Required work
Ignore the pictures in the data below and set down exactly the lines from its first line through the line containing "Market Black T-Shirt with Smiley Face Design".

#### The data ####

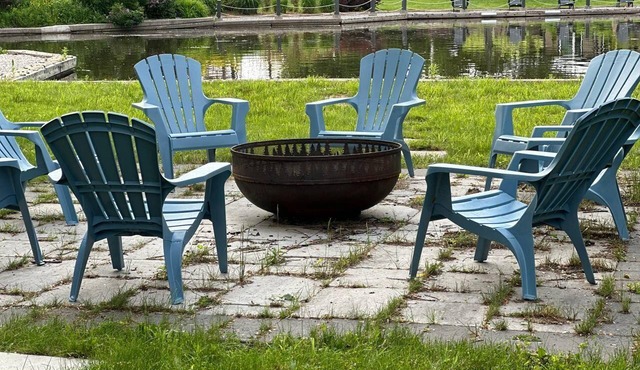 Amazing Lakeside Cottage in the Venice of Ontario-Lagoon City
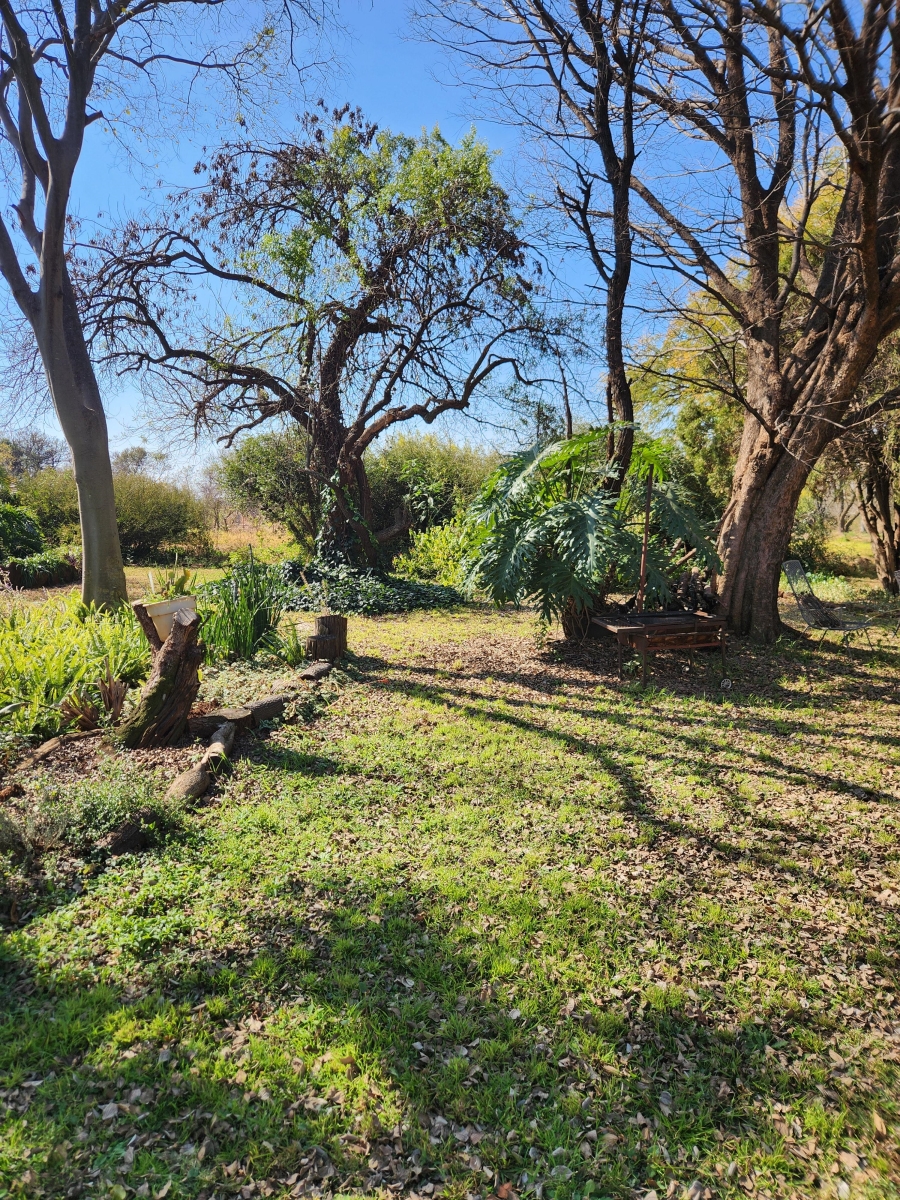 7 Bedroom Property for Sale in Doornkraal Gauteng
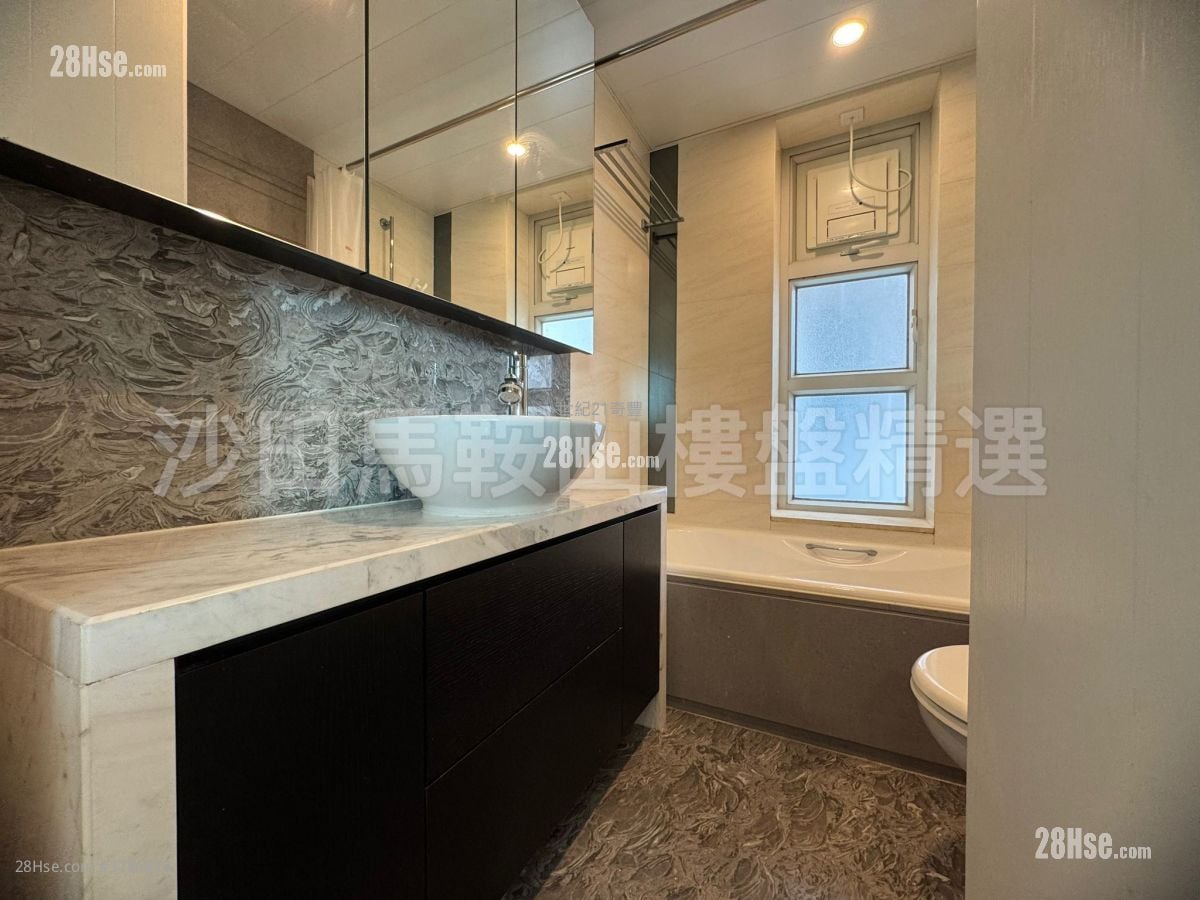 Festival City Sell 3 Bedrooms , 2 Bathrooms 785 ft²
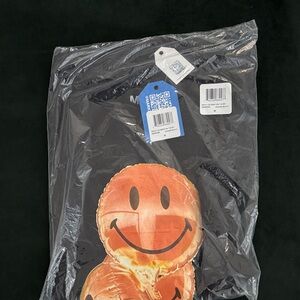 Market Black T-Shirt with Smiley Face Design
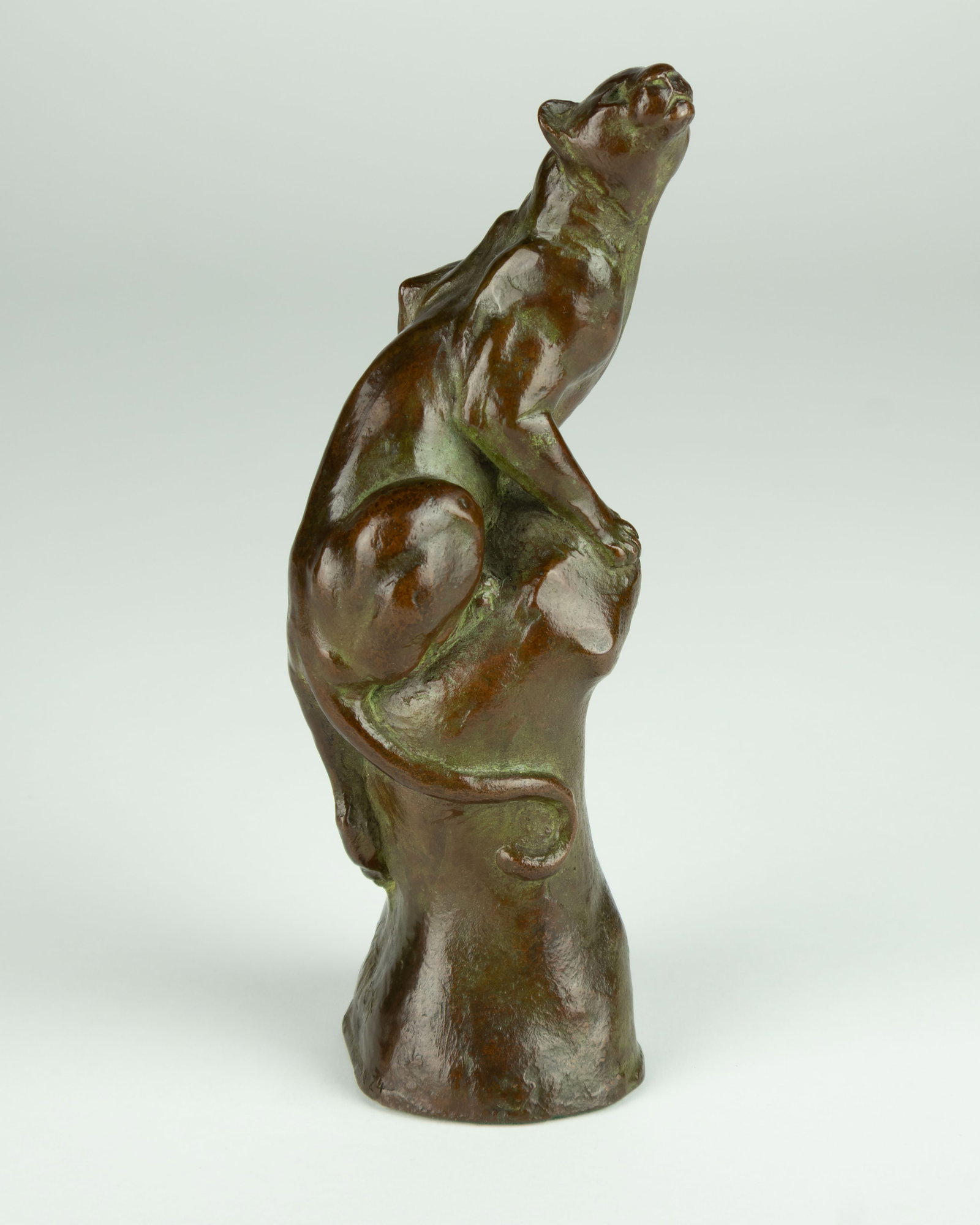 Anna Hyatt Huntington, Jaguar Climbing a Rock, c. 1925: Anna Hyatt Huntington 1876-1973 Jaguar Climbing a Rock, c. 1925 bronze inscribed: Anna V. Hyatt stamped: Q 494 GORHAM CO. FOUNDERS #24 modeled c. 1925 8 3/4 x 3 1/4 x 3 in. Provenance
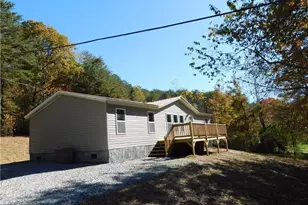 1028 Jess Grizzle Rd, Dahlonega, GA 30533 - Photo 2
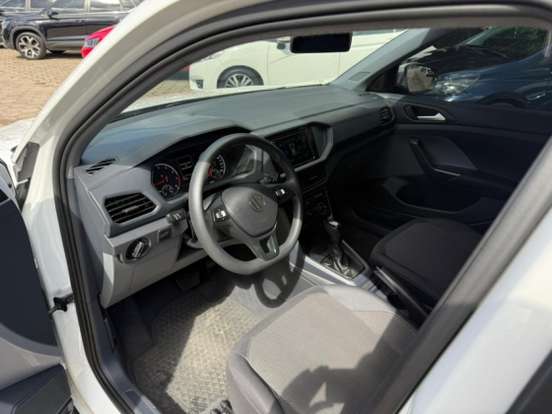 VOLKSWAGEN-T-CROSS-2022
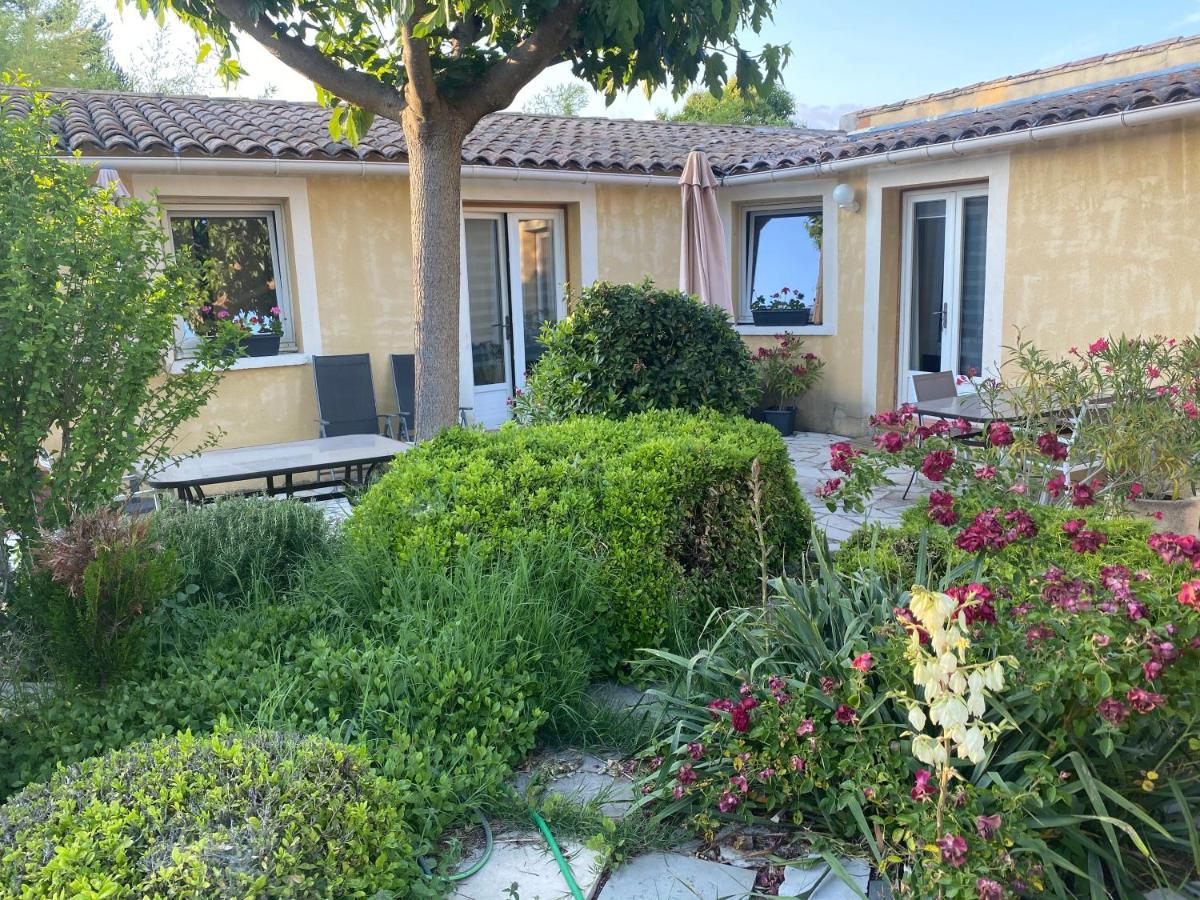 Les Romarins Bed & Breakfast Crestet Exterior photo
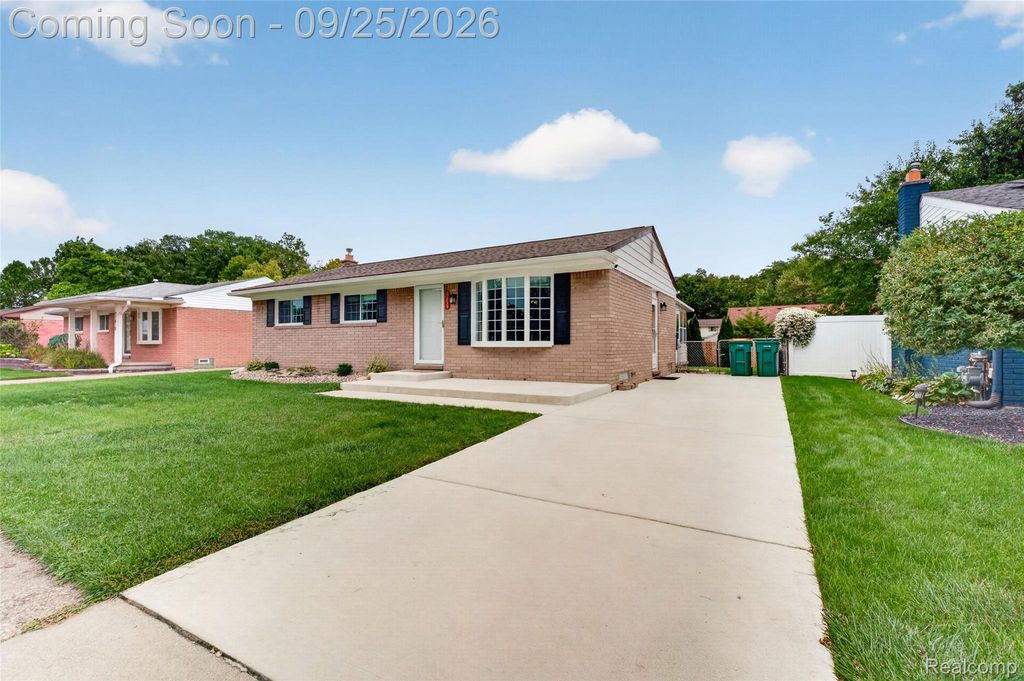 27635 Weddel Avenue, Brownstown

####

Exercise result
 Amazing Lakeside Cottage in the Venice of Ontario-Lagoon City
 7 Bedroom Property for Sale in Doornkraal Gauteng
 Festival City Sell 3 Bedrooms , 2 Bathrooms 785 ft²
 Market Black T-Shirt with Smiley Face Design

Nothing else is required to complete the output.